October 14, 2009 at 5:18 PM Laurel Deedrick-Mayne wrote
Oh, fantastic! Your message gave me tears, to think you will probably actually get there. Yes, a Canadian flag or (I don't know if you there's any poppies around this time of year or a little bundle of flowers) and a maybe a little note that he is not forgotten. My friend Jim (the veteran) has started lobbying the government for a full pardon.
Sometimes I wonder why I embarked on such a long and arduous journey as writing the novel (it isn't very good) but maybe moments like this provide the answer. Can't wait to hear how you make out.
Love and good luck… Mum

19-Oct-2009

So yesterday I completed my mission. I walked the 40 minutes there and back (both ways) from the train station, in the rain, with both my packs on my back just to imagine. I stopped at a flower shop where they made up a little bouquet for and onto which I attached the note I wrote and the Canadian flag I tore off my bag. I arrived at the gate and it was locked, but I had the code and entered it and unlocked it and felt like I was in sort of story or special club. Harold Pringle is actually in plot VIII not VII as every document says. Grounds are beautifully kept.

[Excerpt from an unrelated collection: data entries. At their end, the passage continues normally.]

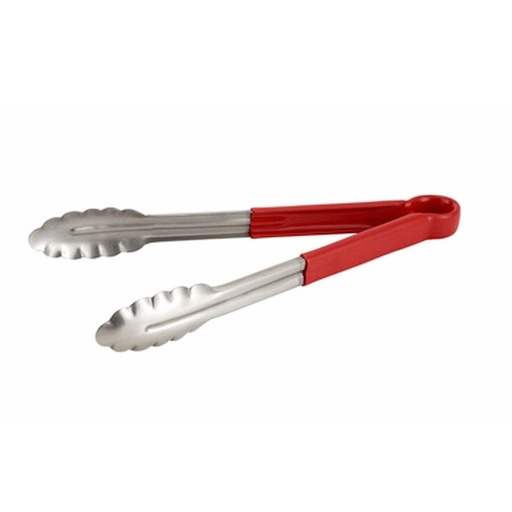 [4440] WINCO UT-9HP-R 9" Red Utility Tongs Coated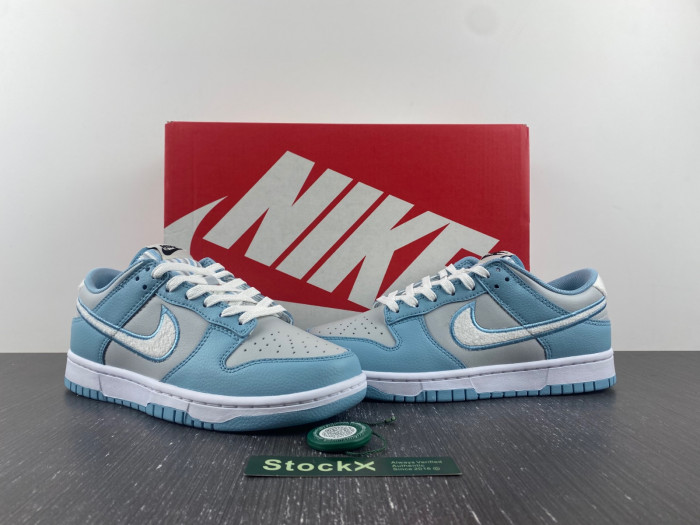 nike dunk low retro fleece  worn blue fb1871-011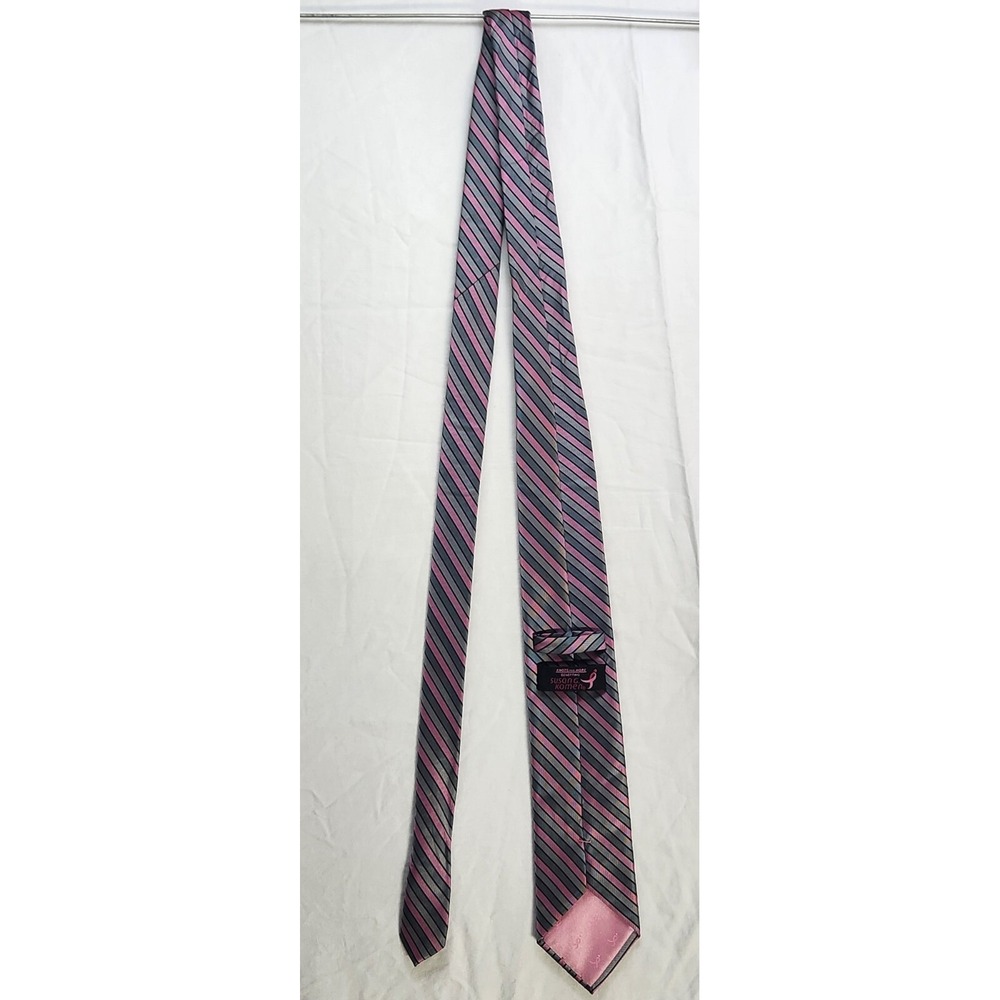 Knots for Hope Susan G‎ Komen Men's Gray, Black and Pink Striped Men's Neck Tie - Picture 4 of 7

I placed the flowers and sang the National Anthem and took a moment of silence as the rain fell all around. 


The note read:

Harold Josef Pringle – You are not forgotten, and people live who wish your innocence honoured and your charge pardoned. And it is to you, soldier, son, friend and your brothers in arms that I owe the life of peace I share with my family in Canada and that many other in the world share or strive toward today. You are not forgotten. May you rest in peace.

-Nicholas Mayne


November, 2025

That 21-year-old is now married and a father.

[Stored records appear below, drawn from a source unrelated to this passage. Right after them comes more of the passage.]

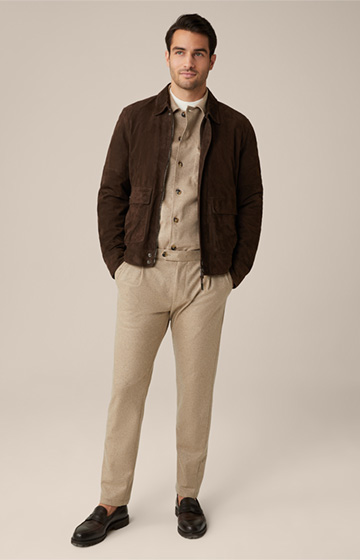 Cashmere-Mix-Shirtjacket Oslo in Beige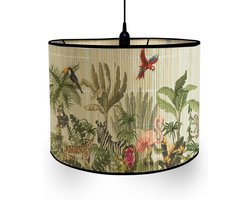 Boho Bamboe Lampenkap – Botanische Groene Print – Geschikt voor E27 Vloerlamp en Tafellamp - C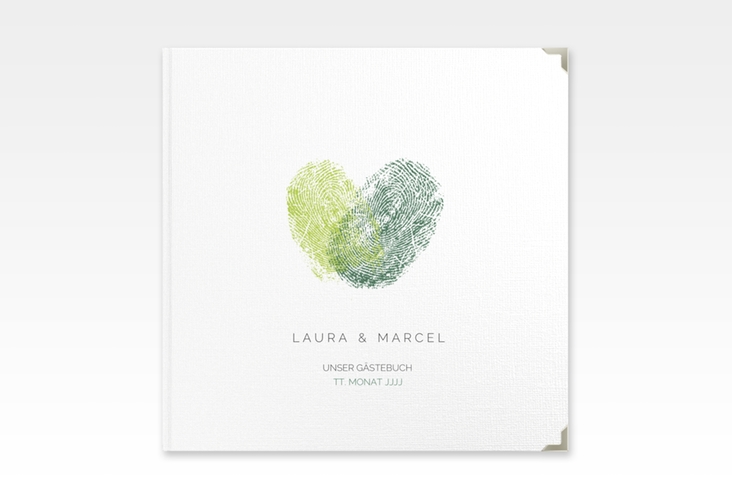 Gästebuch Selection Hochzeit Fingerprint Leinen-Hardcover gruen schlicht mit Fingerabdruck-Motiv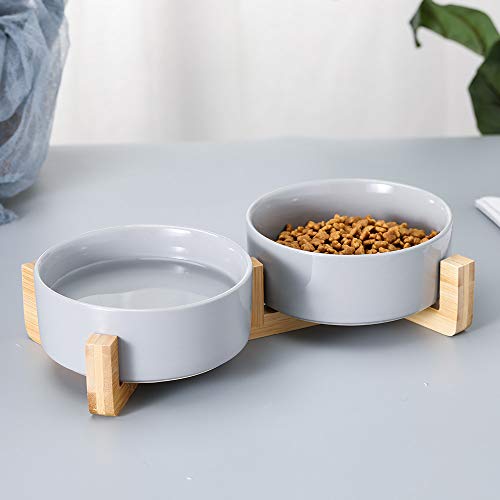 HCHLQLZ Gris Ceramica Comedero Perro y Comedero Gato - 2x400 ml - En un Elegante Soporte de bambú - También Adecuado para Perros Grandes/Grandes felinos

That 49-year-old is now a full-fledged senior citizen.

Jim Ronan who dreamed of a pardon for Harold Pringle, passed away July 4, 2012

Harold Pringle still rests – unpardoned – in Caserta. 


They shall not grow old, as we that are left grow old:

Age shall not weary them, nor the years condemn.

At the going down of the sun and in the morning

We will remember them.

-excerpt from the poem, For The Fallen, by Laurence Binyon


*Bless ‘Em All, a popular song during WWII by Vera Lynn * Eversharp – a fountain pen, the slogan being “Write, with Eversharp.”